China has officially put online lottery sales in the deep freeze, at least for the foreseeable future, following changes to lottery rules.
On Monday, China’s Ministry of Finance issued updated rules on lottery operations that redefine the term “illegal lottery” to include “welfare lottery tickets and sports lottery tickets sold by the Internet without authorization.” The changes will officially take effect on October 1.
The document, titled Amendments to the Regulations on the Administration of Lottery Regulations, follows a joint communiqué issued last month by 12 Chinese ministries and commissions “resolutely prohibiting the unauthorized use of the Internet to sell lottery tickets.”

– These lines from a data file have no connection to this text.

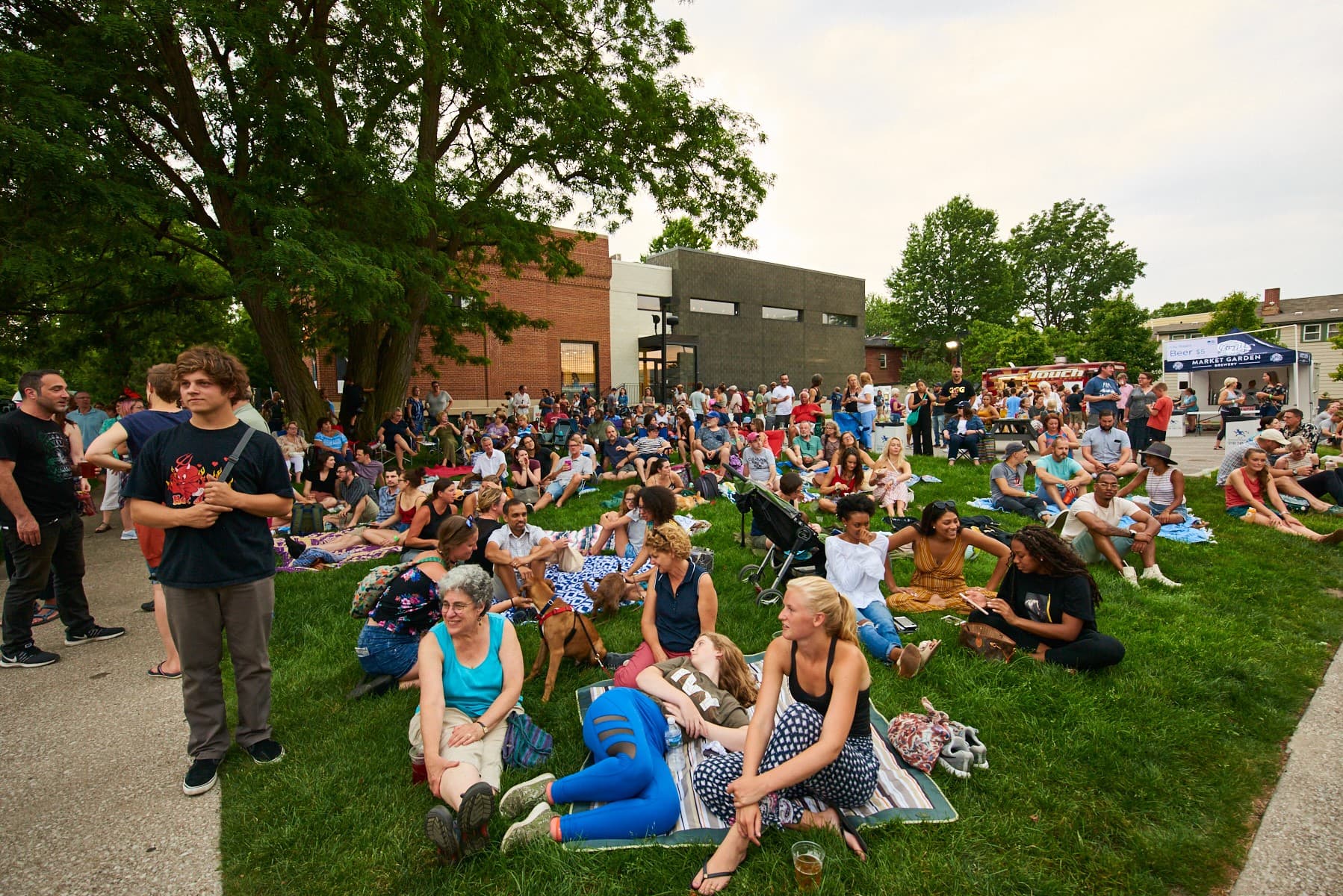 People sitting outside on blankets and chairs in front of a brick building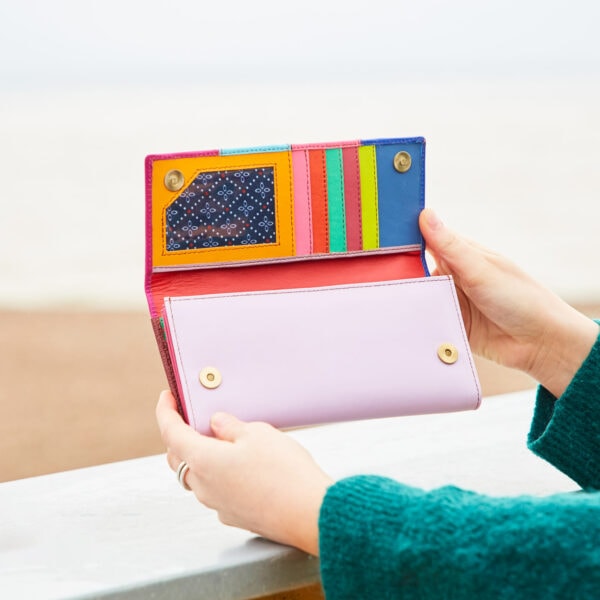 A woman holding a Meena Recycled Leather Multicoloured Stripe Clutch Purse on a beach.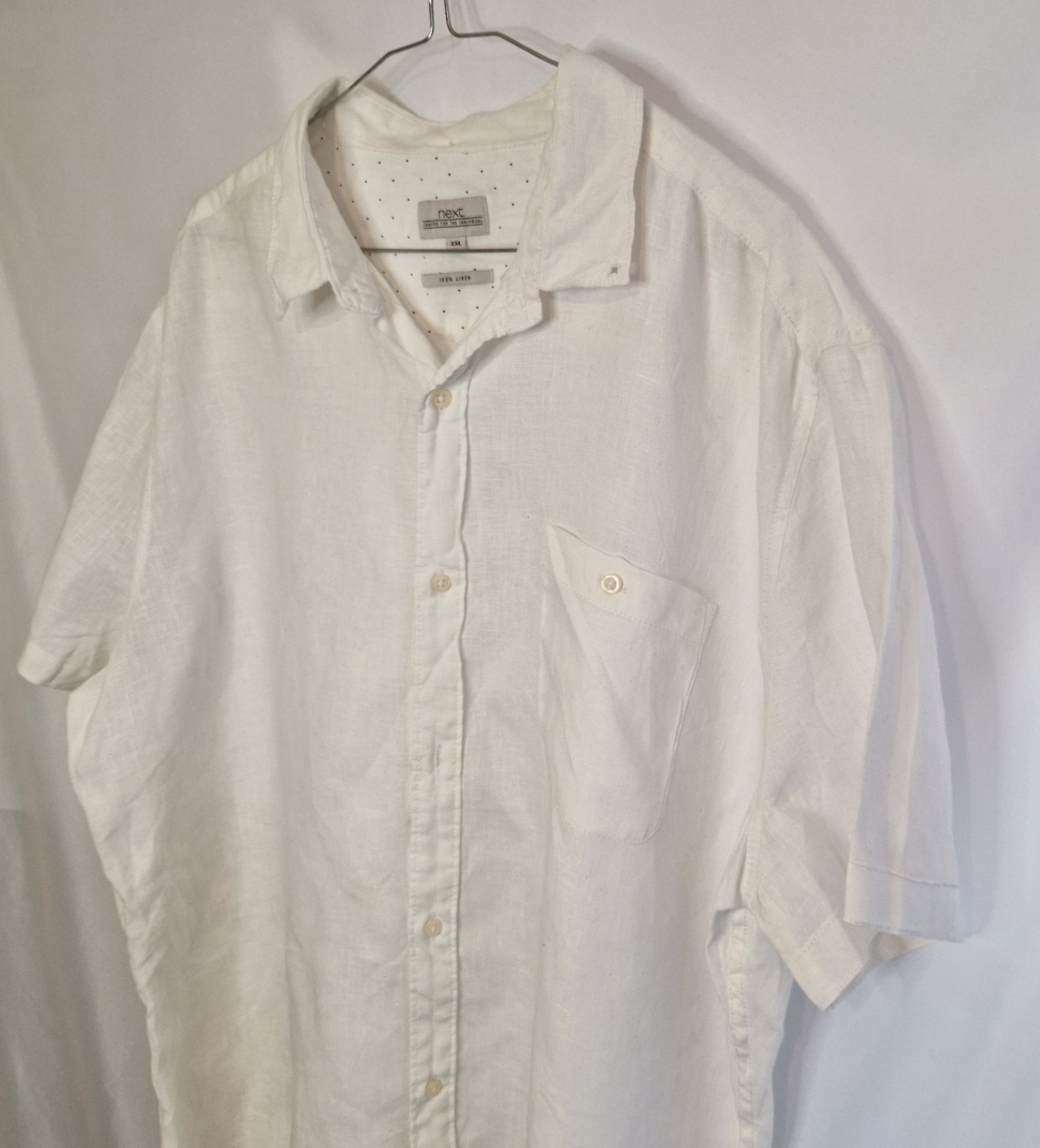 A white short-sleeved button-down shirt by Next with a subtle floral print and chest pocket.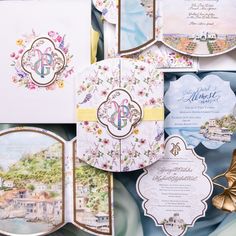 the wedding stationery is laid out on top of each other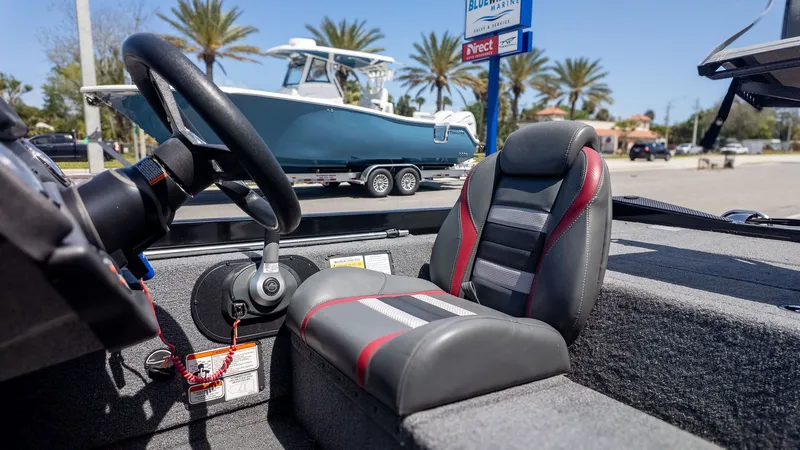 Slide: The Image of The image shows the cockpit of a Ranger RT178 boat with a gray and red seat. - 15
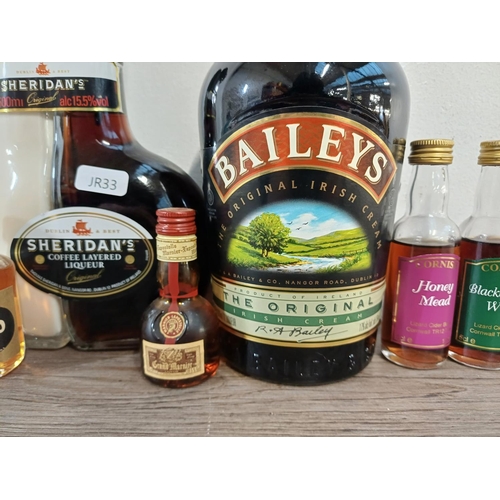 Thirteen bottles, 1L Baileys Irish Cream Liqueur, Sheridan's Coffee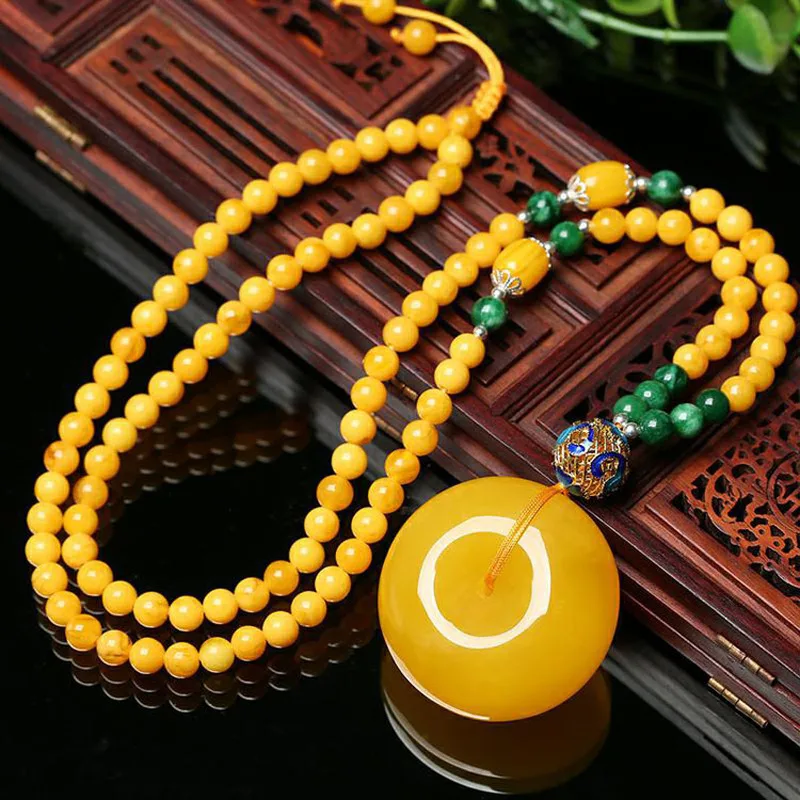 Amber peace pendant, chicken oil yellow raw stone carving, unisex sweater chain, honey wax necklace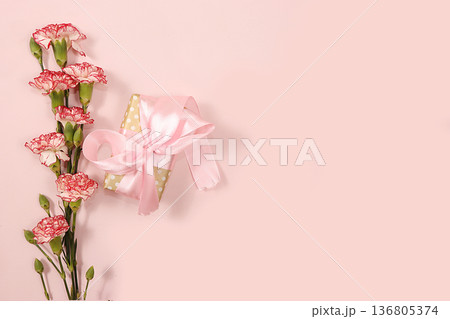 Carnations with a gift on a pink table, abstract spring floral background. Creative modern bouquet, minimal holiday concept. Greeting card for Women's Day or Mother's Day, 136805374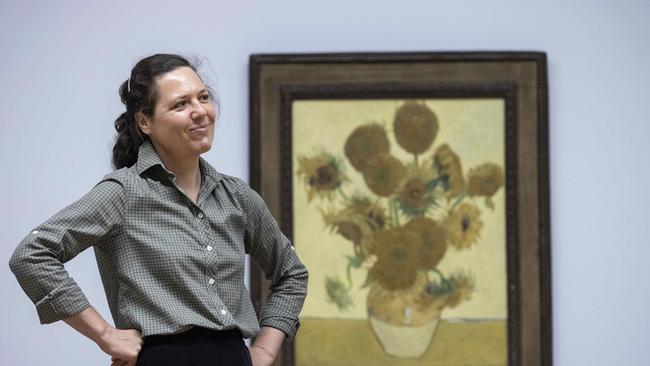 NGA co-ordinating curator Sally Foster with van Gogh's famous painting, Sunflowers 1888. Picture: NCA NewsWire/Gary Ramage.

Online lottery sales were suspended on a ‘temporary’ basis in March 2015 after a national audit uncovered rampant corruption at provincial lottery administration centers, including the failure to report all online sales to Beijing.
Online lottery sales were never formally legalized, but Beijing had authorized two operators to participate in a ‘pilot program’ to study the effect of online sales. In reality, many other operators, including some of China’s technology giants, openly engaged in online lottery operations.
The continued existence of online sports lottery products became patently obvious during this summer’s FIFA World Cup. In June, state-run media criticized domestic tech firm Tencent for permitting unauthorized gambling operations on its networks. In August, tech giant Apple purged thousands of gambling and lottery apps from its China-facing App Store after coming under criticism by state-run media.
Confusingly, China’s official lottery website issued its own statement on Tuesday titled ‘Building a new era sports lottery centered on the people.” The statement suggests that one of the chief obstacles to lottery growth is the fact that it is “extremely inconvenient for some remote suburban residents to purchase lottery tickets.”
The statement goes on to say that one of the ways to make lottery sales more convenient would be to “vigorously explore new ways of ‘Internet + lottery.’” Another option would be to “try to build a sports lottery TV shopping platform with the radio and television network,” so as to allow lottery customers to “enjoy the fun of buying and winning without leaving the house.”
Suffice it to say, China appears to want to have its online lottery cake and eat it too, or there’s been some serious miscommunication between the various branches of government. Either the key takeaway in the Ministry’s announcement is the word “unauthorized” or the coming days will likely see some lottery boss hanging his head in court, flanked by two very unsmiling guards.